When the barrel 1 is constructed, the partial deck within the skylight opening scope of the barrel topmost deck will not be constructed. The opening position of the skylight opening corresponds to the position of the module-integration bottom deck, and the plane geometry of the skylight opening is similar to the plane geometry of the module-integration bottom deck, but the size of the skylight opening is slightly larger; An on-site closing gap is formed between the edge of the skylight opening and the outer edge of the modular-integration bottom deck perimeter.
According to the predetermined position for each module in the barrel topmost deck, some permanent and/or temporary support structures 2-2 are installed underneath the skylight opening to support said each module, so that each module can be lifted, installed and fixed on the top of the permanent and/or temporary support structures 2-2 corresponding the predetermined position in the barrel topmost deck. The permanent and/or temporary support structures 2-2 are constructed together with the barre 1, of which, the temporary support structure shall be dismantled upon completion of platform construction.

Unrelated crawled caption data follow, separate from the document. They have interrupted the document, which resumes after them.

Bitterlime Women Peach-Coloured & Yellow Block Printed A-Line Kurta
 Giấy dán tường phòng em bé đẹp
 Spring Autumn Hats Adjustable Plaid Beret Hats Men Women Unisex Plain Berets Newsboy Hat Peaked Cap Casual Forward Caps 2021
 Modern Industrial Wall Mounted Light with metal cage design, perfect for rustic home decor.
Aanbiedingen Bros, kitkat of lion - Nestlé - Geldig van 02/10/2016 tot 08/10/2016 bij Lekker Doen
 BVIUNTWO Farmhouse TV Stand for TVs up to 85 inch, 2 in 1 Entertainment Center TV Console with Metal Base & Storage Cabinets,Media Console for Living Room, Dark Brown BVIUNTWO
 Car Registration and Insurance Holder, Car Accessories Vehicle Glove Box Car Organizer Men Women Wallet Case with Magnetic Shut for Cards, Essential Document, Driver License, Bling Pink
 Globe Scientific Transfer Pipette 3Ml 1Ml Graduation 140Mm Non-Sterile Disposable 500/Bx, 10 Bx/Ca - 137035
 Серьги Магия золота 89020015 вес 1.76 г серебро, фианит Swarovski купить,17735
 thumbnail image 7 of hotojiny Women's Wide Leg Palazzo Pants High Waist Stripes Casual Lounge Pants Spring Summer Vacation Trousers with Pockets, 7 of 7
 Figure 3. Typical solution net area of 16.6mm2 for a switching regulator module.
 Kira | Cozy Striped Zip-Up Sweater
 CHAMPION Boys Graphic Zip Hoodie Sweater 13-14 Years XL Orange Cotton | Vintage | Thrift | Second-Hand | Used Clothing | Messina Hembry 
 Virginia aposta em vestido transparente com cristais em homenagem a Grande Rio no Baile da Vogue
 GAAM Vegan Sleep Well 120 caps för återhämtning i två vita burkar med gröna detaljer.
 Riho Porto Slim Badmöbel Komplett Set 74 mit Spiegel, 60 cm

Each module within the module-integration can be a complete module for lifting independently, or can be a segmentation module through “cutting” the pre-designed integration-module into multiple temporary modules. Each segmentation module is provided with a temporary connection structure required for prefabrication and lifting, so that the segmentation module forms a complete temporary frame structure to ensure that the segmentation module can be independently lifted. The temporary connection structure shall be dismantled after the completion of the module-integration construction.
The gap connection 3 comprises: beams/girders, stiffeners needed to connect the circumjacent deck around the skylight opening of the barrel topmost deck and the module-integration bottom deck, as well as a flat plate to fill the on-site closing gap, so that the module-integration bottom deck and the barrel topmost deck are integrated and combined as two in one, jointly forming an integrated and combined platform deck with a same top surface elevation. Finally, one or more non-module typed and individual equipment and/or devices, if any, are installed on the barrel deck, then remove all temporary support structures and/or temporary connection structures to complete the construction of the entire platform.
Under the principle of integrated overall design of the platform of the invention, the barrel designer and the topsides designer shall have a unified overall planning, work-division and interface cooperation, and organic transmission/connection so as to finally realize the optimized structural design of the entire platform. Compared with the structure design/construction method for the current column platform, the present invention overcomes its shortcomings, realizes the design optimization and construction installation program optimization, especially the optimization of the overall structure, the bending stiffness of the integral structure of barrel and topsides is very high, the force transmission paths of the support structures under topsides are concise and clear; the module-integration bottom deck and the barrel topmost deck are combined as two in one; the amount of steel is reduced notably, and the center of gravity of the topsides descends slightly at the same time; The adjacent module decks are connected, passageways and stairways are designed in a unified way for entire module-integration to realize the sharing of structure and space, which is conducive to inspection, maintenance, material transport, life-saving and escape, and improves the safety of production operation, as well as easy to build; Finally, it will reduce the construction cost, construction time schedule and production operation cost of the platform.